▶ **Task directions**
After locating the line with "Design de carreaux" below, output it and each following line exactly, stopping after the line with "Sri Lanka Christmas". No pictures.

▶ **Dataset records**
•••••

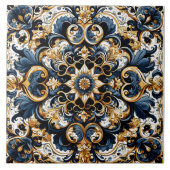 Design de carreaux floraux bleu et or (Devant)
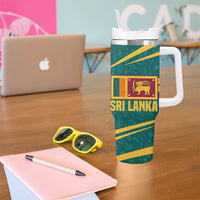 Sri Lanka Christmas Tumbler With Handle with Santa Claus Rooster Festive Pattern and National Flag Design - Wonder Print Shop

•••••

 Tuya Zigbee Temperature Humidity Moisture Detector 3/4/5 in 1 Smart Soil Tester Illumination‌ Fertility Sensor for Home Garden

•••••

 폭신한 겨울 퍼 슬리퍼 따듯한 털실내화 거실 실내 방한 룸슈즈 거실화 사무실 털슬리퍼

•••••

▶ **Exercise solution**
 Design de carreaux floraux bleu et or (Devant)
 Sri Lanka Christmas Tumbler With Handle with Santa Claus Rooster Festive Pattern and National Flag Design - Wonder Print Shop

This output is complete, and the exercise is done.